Damn it. I could feel a drop of sweat run down the side of my face. Tattletale was treading on dangerous territory. If I didn't mislead her quickly, she'd get on the bad sign of someone actually dangerous.

"Three," she said, blissfully ignorant of the danger she was entering as she raised a third finger on her hand. "I own you now."

This was my moment! I had to seize it now before the chance slipped out of my fingers-!

"Regent offered to speak for me!" I blurted out, freeing myself from Tattletale's pace. "He said that he'd deal with you because I couldn't do it!"

Tattletale blinked, looking at the boy in the frilled shirt.

"You did that?"

"Ah. Yes, I did do that."

"You... willingly decided to do more work... for someone else?"

Regent nodded again. Tattletale looked at me, tears shining in her eyes. I was left more than a little uncomfortable.

"Alucard," she said seriously, putting a hand on my shoulder. "I can absolutely not let you leave my nefarious grasp.
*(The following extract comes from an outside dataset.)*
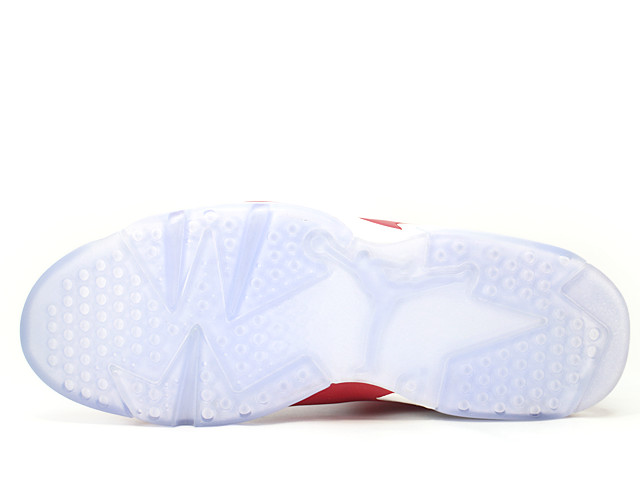 AIR JORDAN 6 RETRO 717302-600 - 4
Please come work for us so that Regent will put in more effort."

"Ah, sorry, I can't," I replied, grabbing her hand off my shoulder and clutching it tightly with both of mine. "Please forgive me, but I am but an ordinary high school student trapped by the whims of others."
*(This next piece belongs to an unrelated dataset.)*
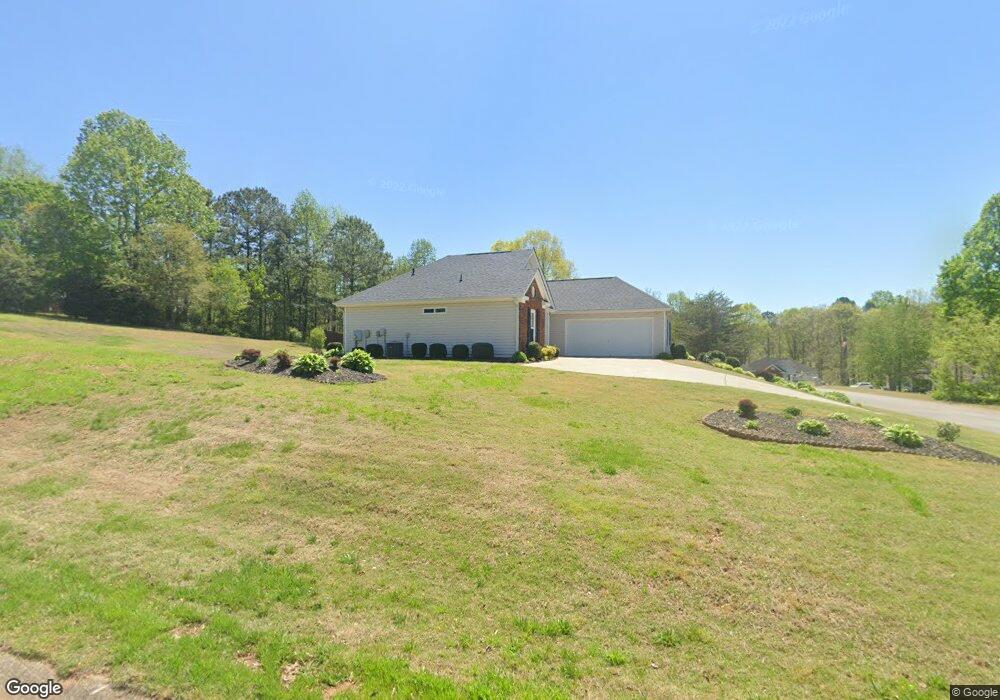 6251 Buttonwood Ct, Flowery Branch, GA 30542 - photo 1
"Please let me trap you in my whims. There is no limit to what I'd do to get Regent to consistently work."

"I cannot, for I am too deep in debt to ever be allowed to go free so easily. Please allow me to retain my chastity from breaking the law, I don't think it would be good for me."

She dropped my hand with all the ceremony of someone throwing away garbage, taking a step back and smiling brilliantly at me.

"Well, it doesn't matter anyways," she said, shrugging her shoulders as she winked at me. "I own you anyways."

"I don't follow."

"I know that you can spoof Thinkers somehow. Do you have any idea how scary that is? Do you know what people would do to you if that information got out? On both sides. You'd be trapped, forever running mazes that other people set out before you. Maybe you'd even get cheese at the end, but it's still a fucking maze. Even if you win, you lose. So you're on my call list. If I call you and ask for help, you come."

"I'm neutral though," I said, trying to think my way out of it. "I'm not a hero or a villain, even though I'm so suave that you could easily confuse me with Legend."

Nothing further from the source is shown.